= Data extracts =
_ _ _

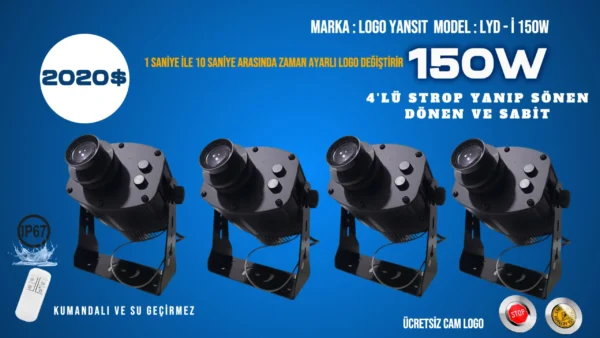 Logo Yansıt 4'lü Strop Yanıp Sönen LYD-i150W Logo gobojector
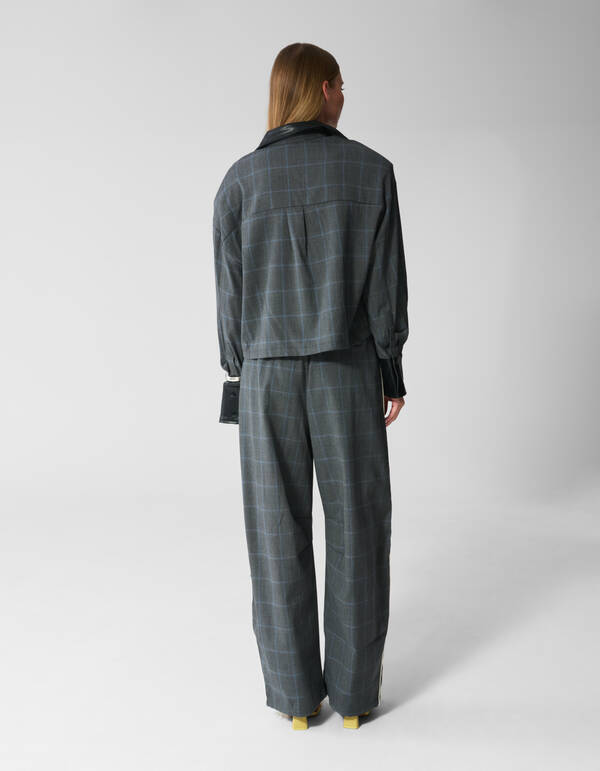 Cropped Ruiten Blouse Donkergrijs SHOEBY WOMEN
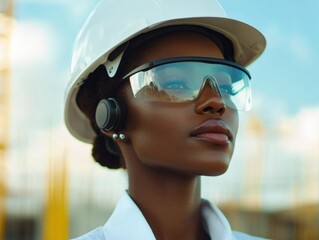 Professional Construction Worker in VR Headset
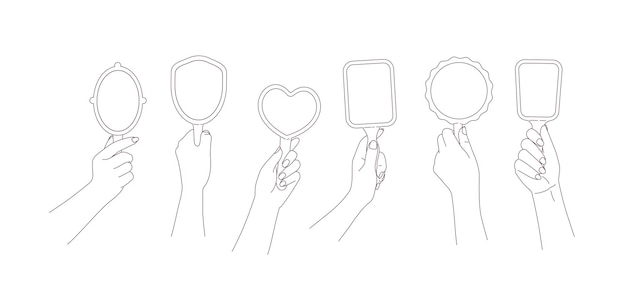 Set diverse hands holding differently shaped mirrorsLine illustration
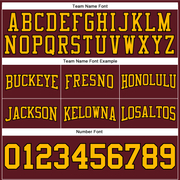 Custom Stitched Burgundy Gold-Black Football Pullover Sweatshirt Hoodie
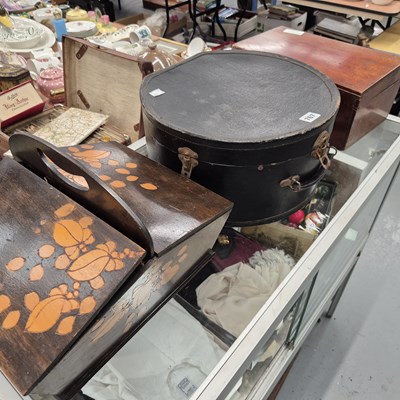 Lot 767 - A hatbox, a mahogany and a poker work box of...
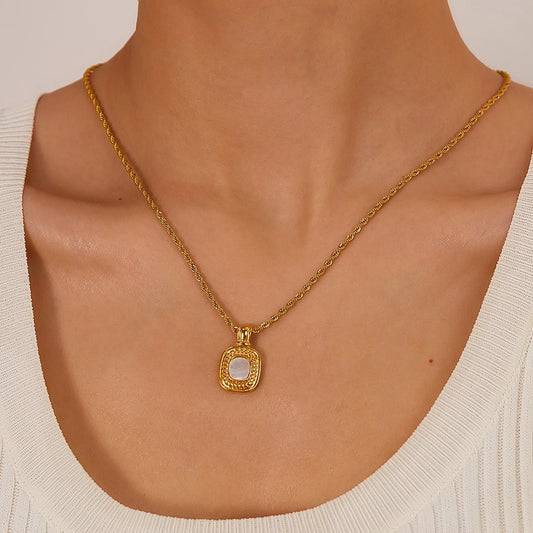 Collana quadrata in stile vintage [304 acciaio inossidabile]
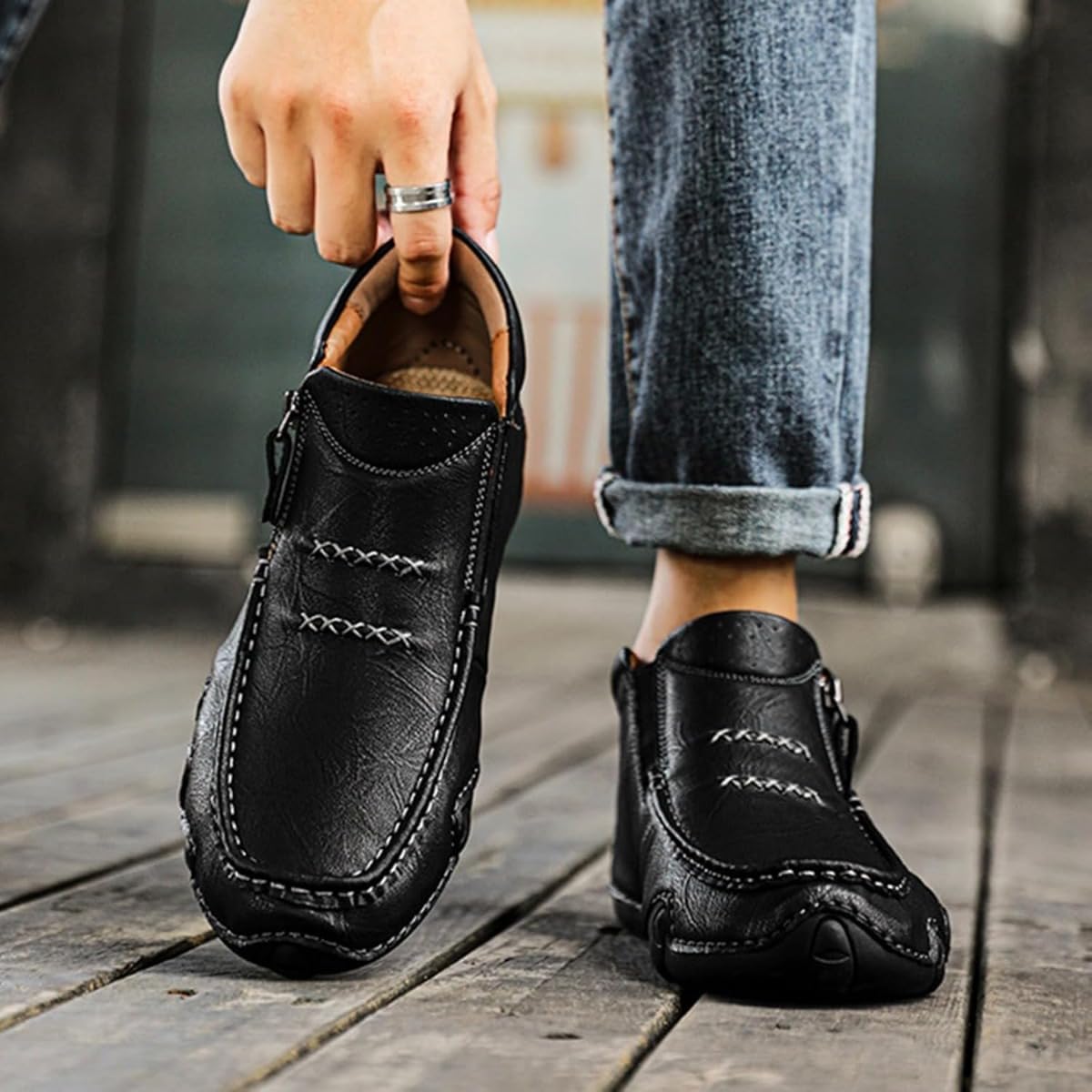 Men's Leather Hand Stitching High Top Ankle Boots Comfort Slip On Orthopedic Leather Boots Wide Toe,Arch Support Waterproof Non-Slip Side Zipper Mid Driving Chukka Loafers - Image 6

_ _ _

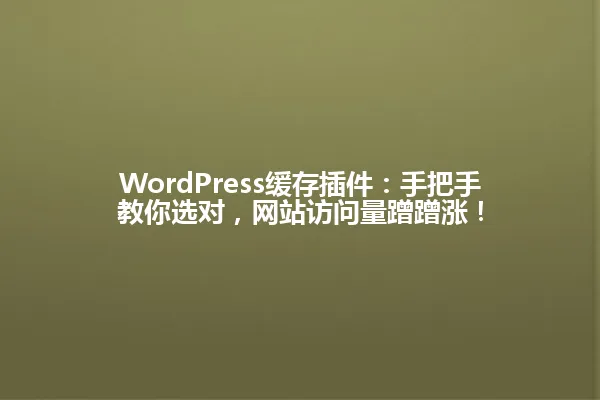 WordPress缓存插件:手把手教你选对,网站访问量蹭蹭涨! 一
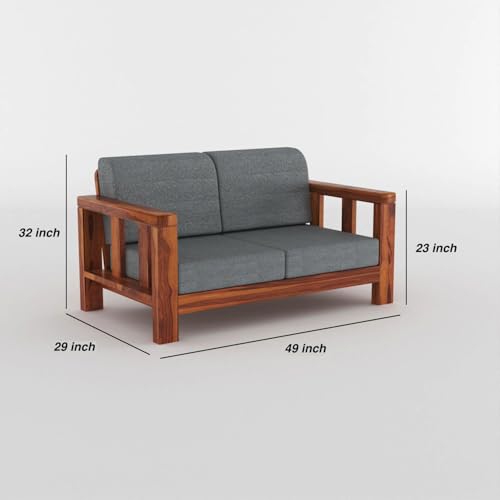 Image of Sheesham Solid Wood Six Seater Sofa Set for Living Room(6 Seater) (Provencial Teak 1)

_ _ _

= Instructions to follow =
Would you set down only the lines above from the line with "Logo Yansıt 4'lü" to the line with "Lot 767 - A", both included, exactly as they stand and without the pictures?

= The completed task =
 Logo Yansıt 4'lü Strop Yanıp Sönen LYD-i150W Logo gobojector
 Cropped Ruiten Blouse Donkergrijs SHOEBY WOMEN
 Professional Construction Worker in VR Headset
 Set diverse hands holding differently shaped mirrorsLine illustration
 Custom Stitched Burgundy Gold-Black Football Pullover Sweatshirt Hoodie
 Lot 767 - A hatbox, a mahogany and a poker work box of...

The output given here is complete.